### ASSIGNMENT
Please copy the data below exactly; none of the pictures in it belong in the copy.

### RECORDED DATA
BEGIN
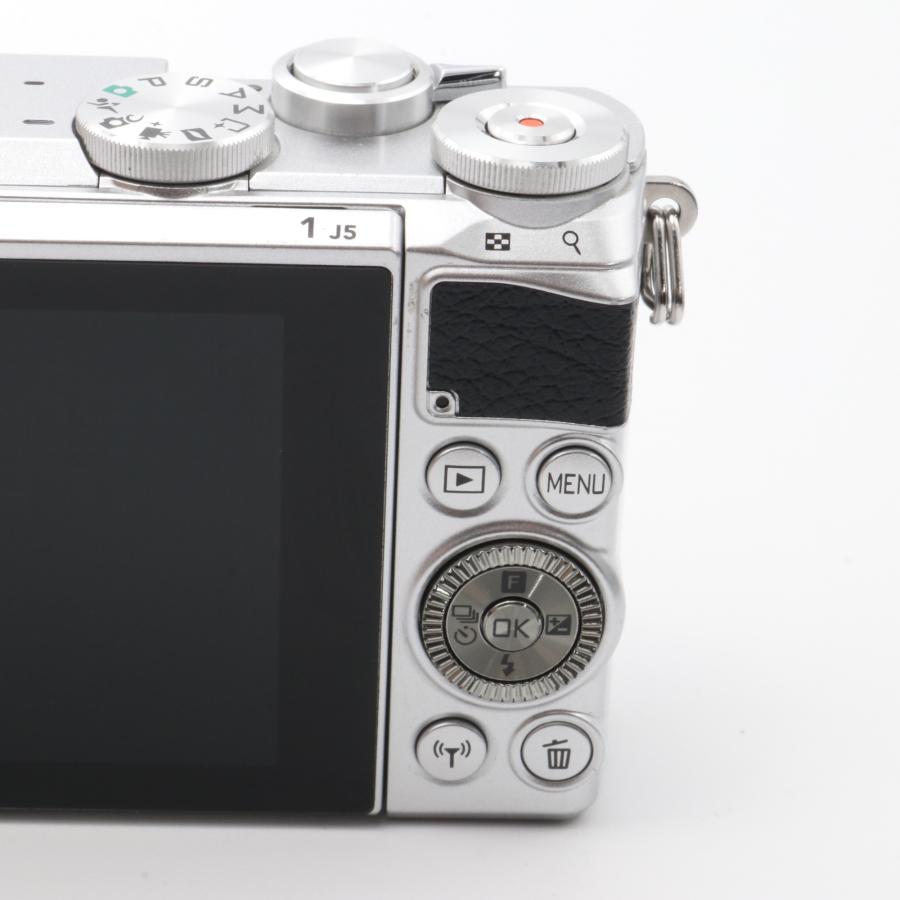 Nikon Nikon1 J5 ボディ シルバー ミラーレス一眼 〔NIKKOR 1 マウント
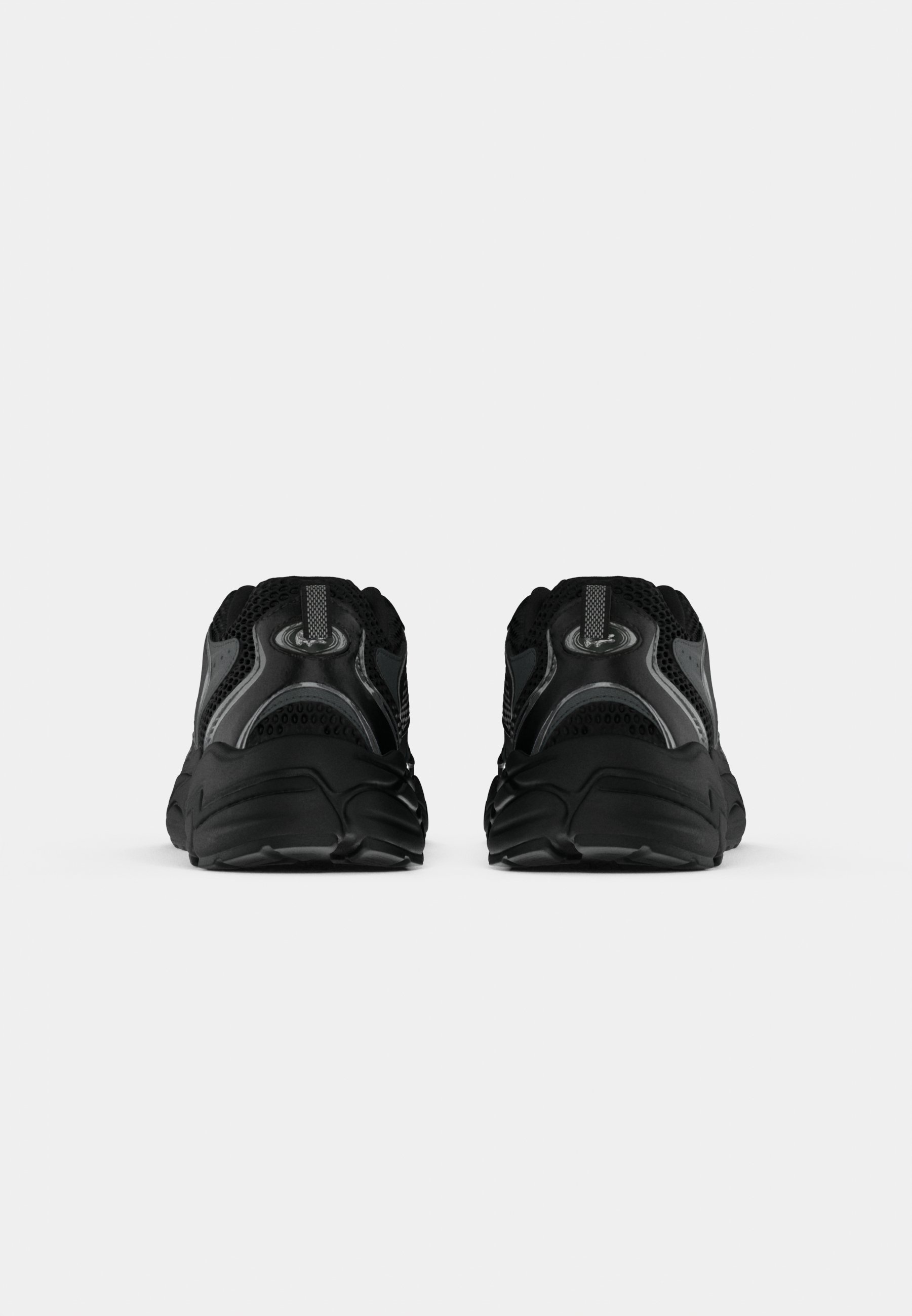 Lacoste STORM 96 2K 125 - Baskets - noires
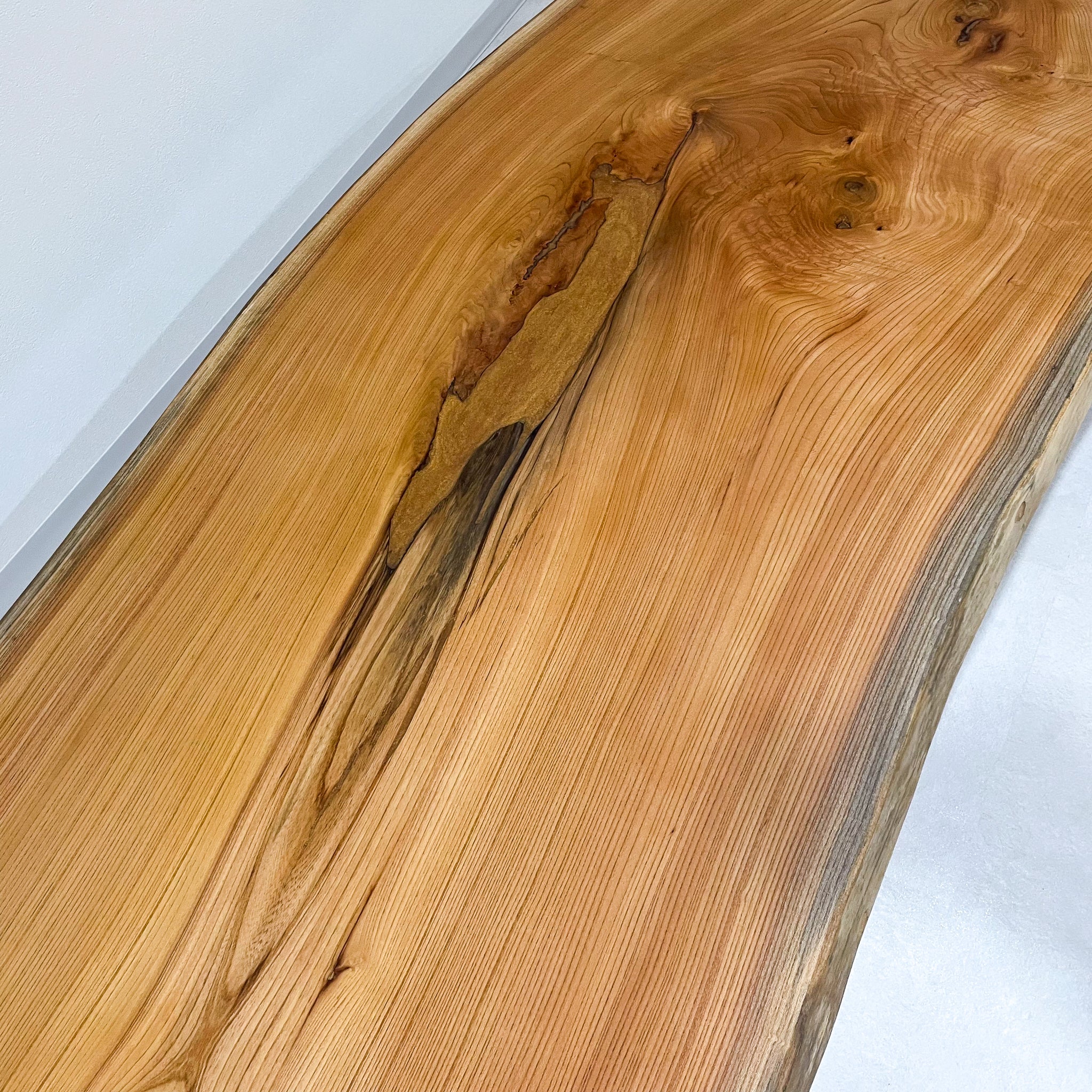 欅一枚板座卓2500mm、樹齢100年超、国産｜鬼童銘木 – 【公式】鬼童銘木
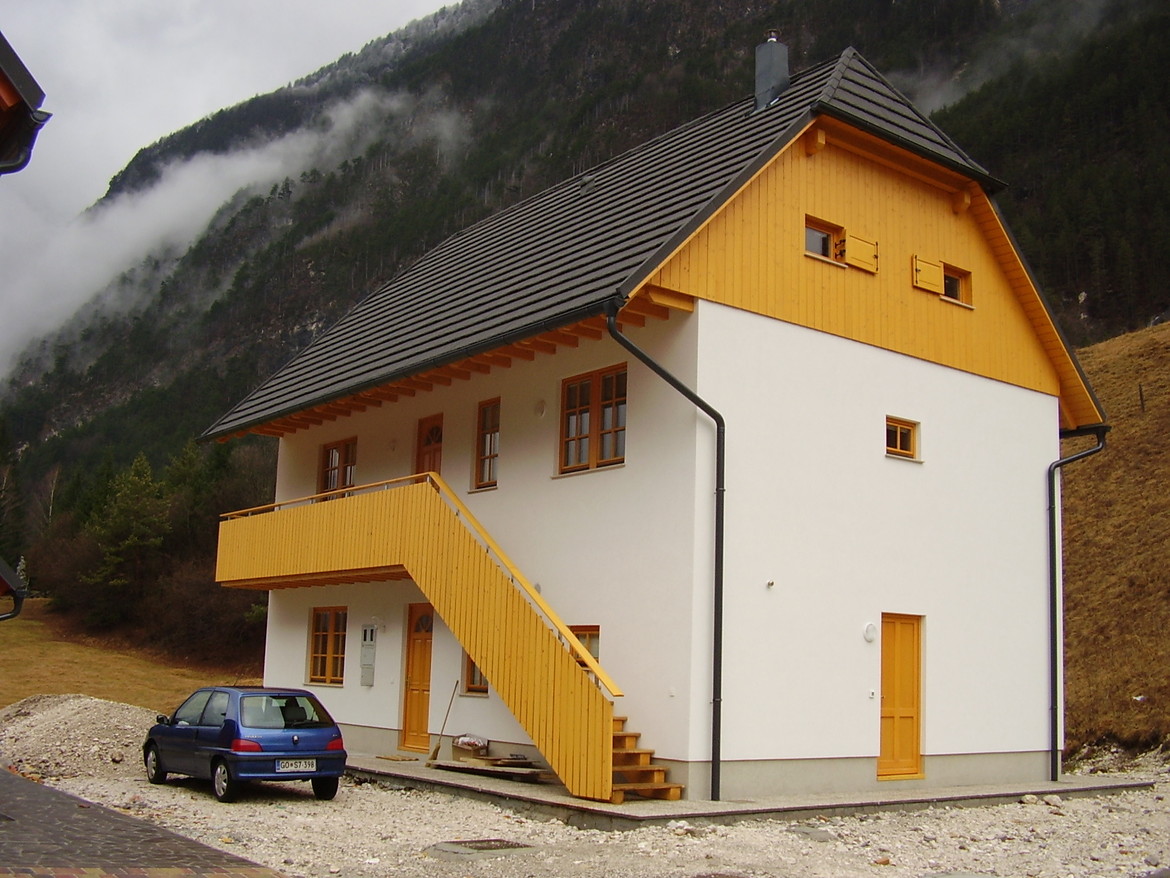 GERARD Corona Koyu Gümüş Posocje, Slovenia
END
### SOLUTION TO THE EXERCISE
 Nikon Nikon1 J5 ボディ シルバー ミラーレス一眼 〔NIKKOR 1 マウント
 Lacoste STORM 96 2K 125 - Baskets - noires
 欅一枚板座卓2500mm、樹齢100年超、国産｜鬼童銘木 – 【公式】鬼童銘木
 GERARD Corona Koyu Gümüş Posocje, Slovenia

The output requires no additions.